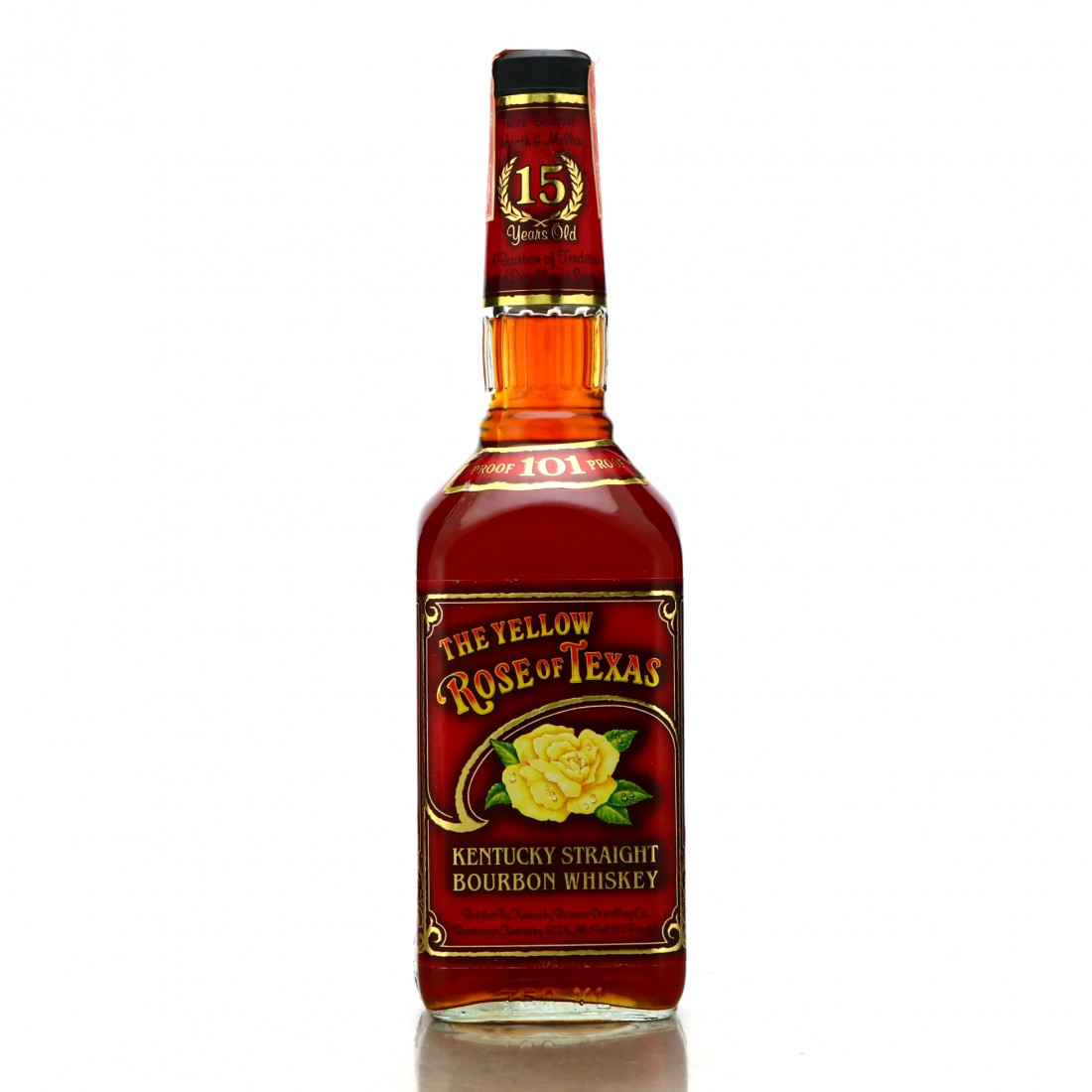 Yellow Rose of Texas 15 Year Old 101 Proof Kentucky Straight Bourbon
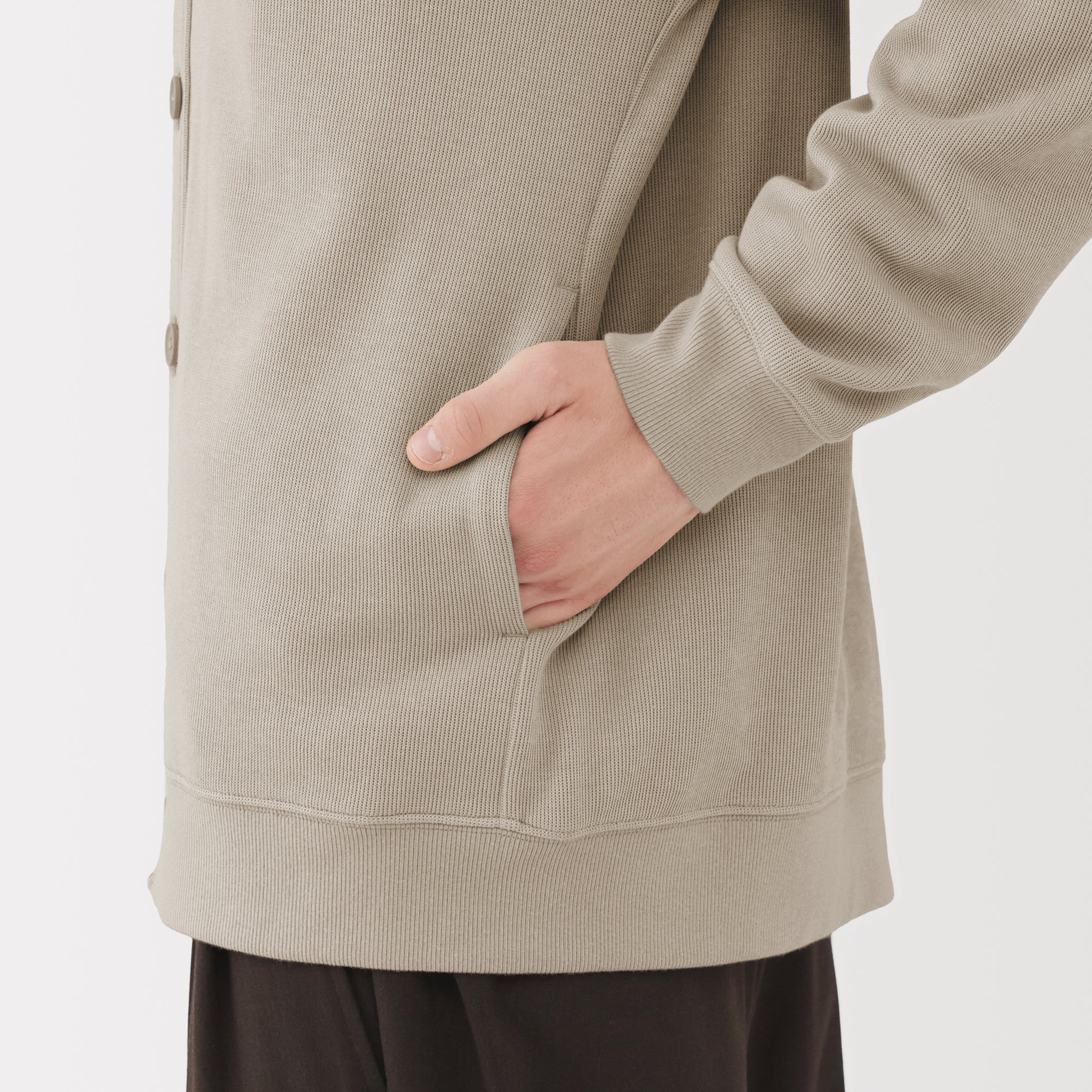Double Knitted V-Neck Cardigan - Image 28
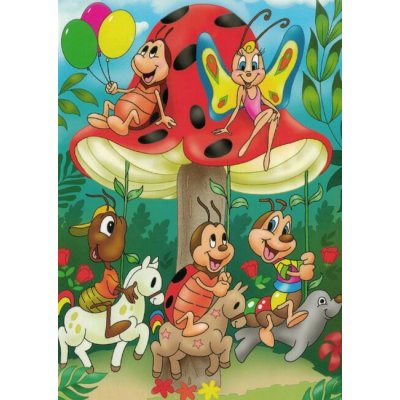 Pohlednice Broučci 2 – Zboží Dáma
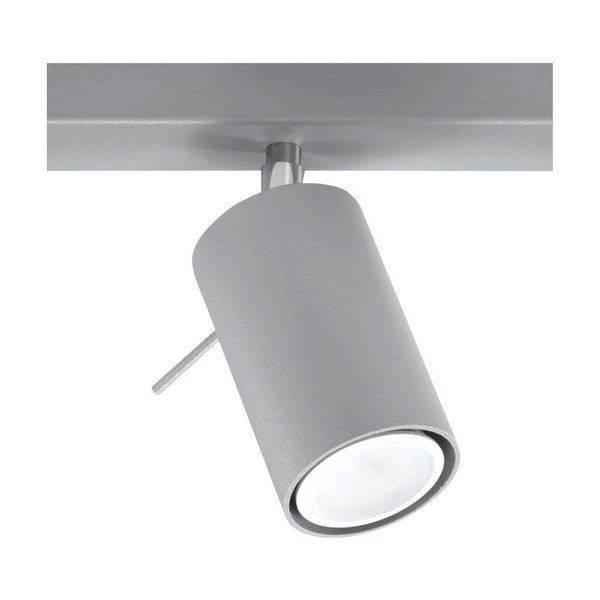 Plafon RING 3 punktowy Stal kolor szarym 40W, SL.0451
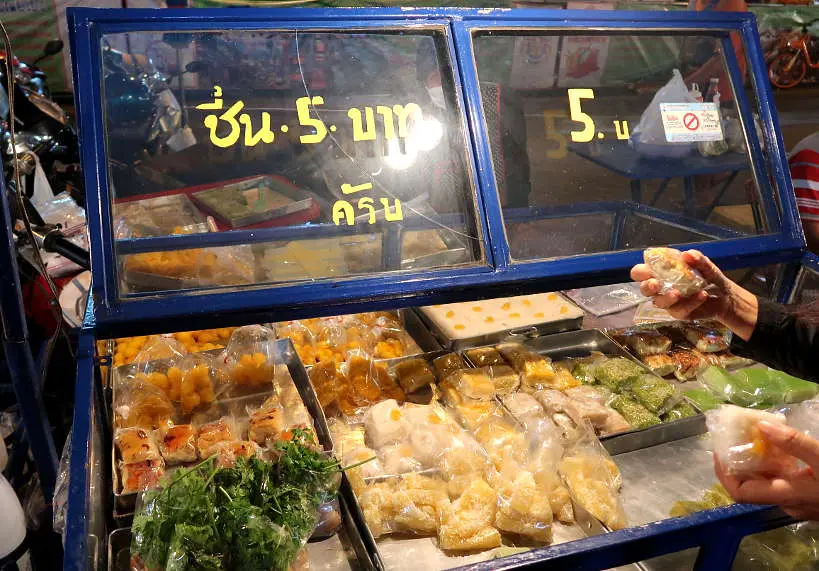 Thai Dessert vendor at Warorot Market Chiang Mai Street Food Authentic Food Quest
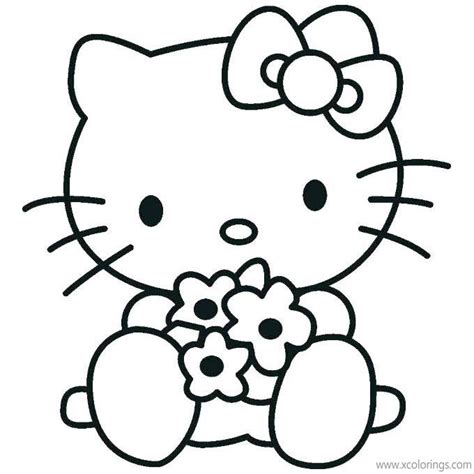 Hello Kitty Valentines Day Coloring Book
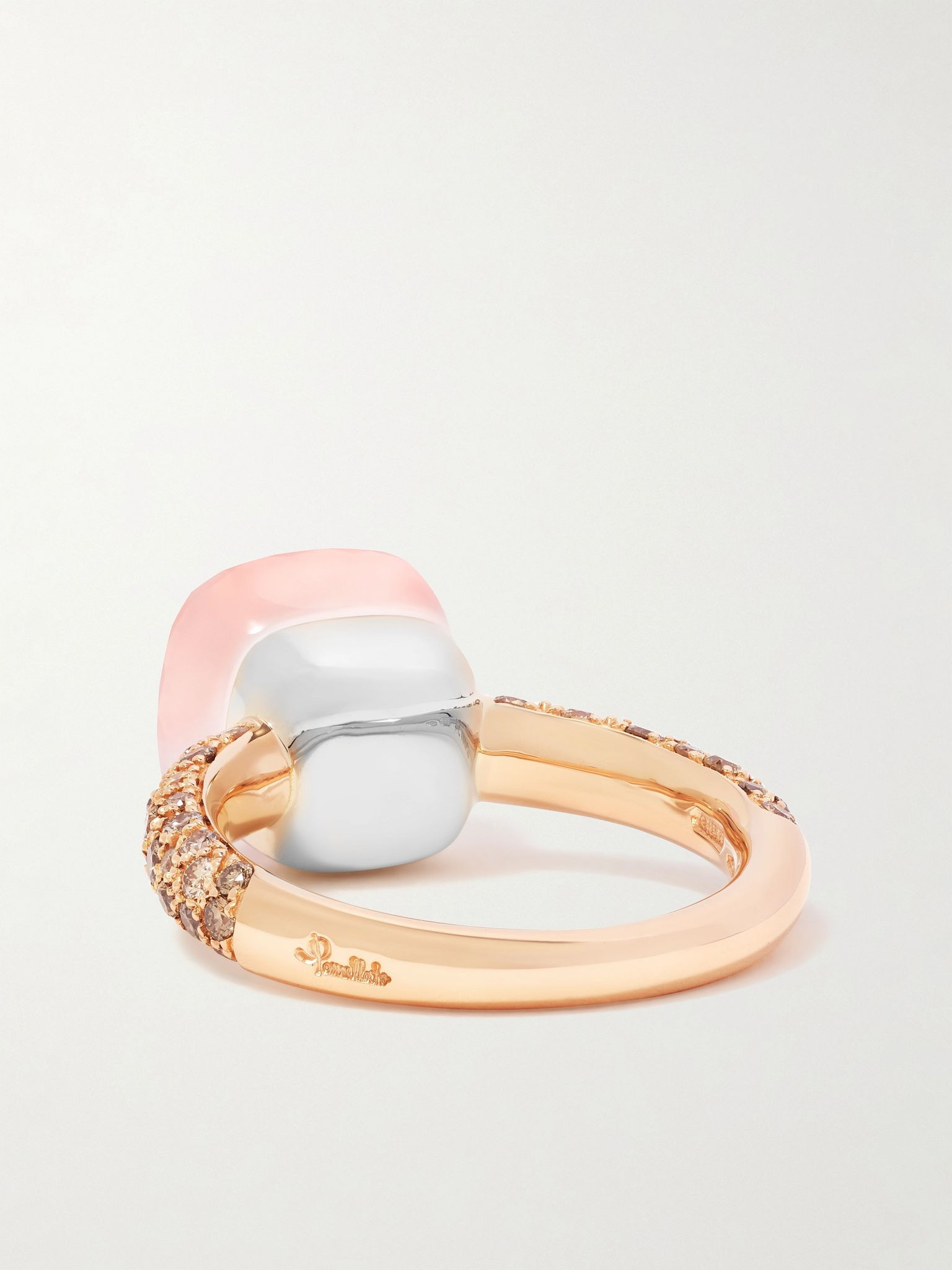 Nudo Classic 18-karat rose gold multi-stone ring Gold - 3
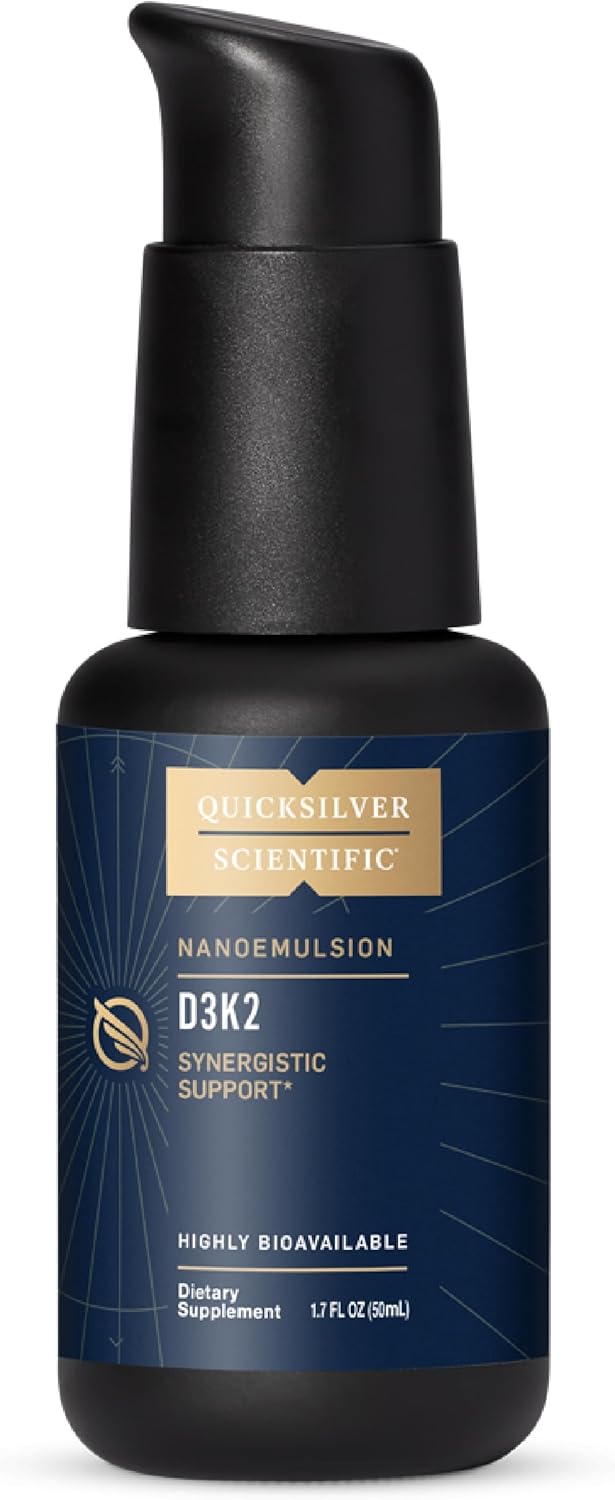 D3K2, 50 ml, Vitamina D3K2 lipozomală, Quicksilver Scientific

————————

**Prompt:** Write the lines from the one containing "Hello Kitty Valentines Day Coloring Book" through the end of the data above exactly as they appear, and do not carry over any picture.

**Task response:**
 Hello Kitty Valentines Day Coloring Book
 Nudo Classic 18-karat rose gold multi-stone ring Gold - 3
 D3K2, 50 ml, Vitamina D3K2 lipozomală, Quicksilver Scientific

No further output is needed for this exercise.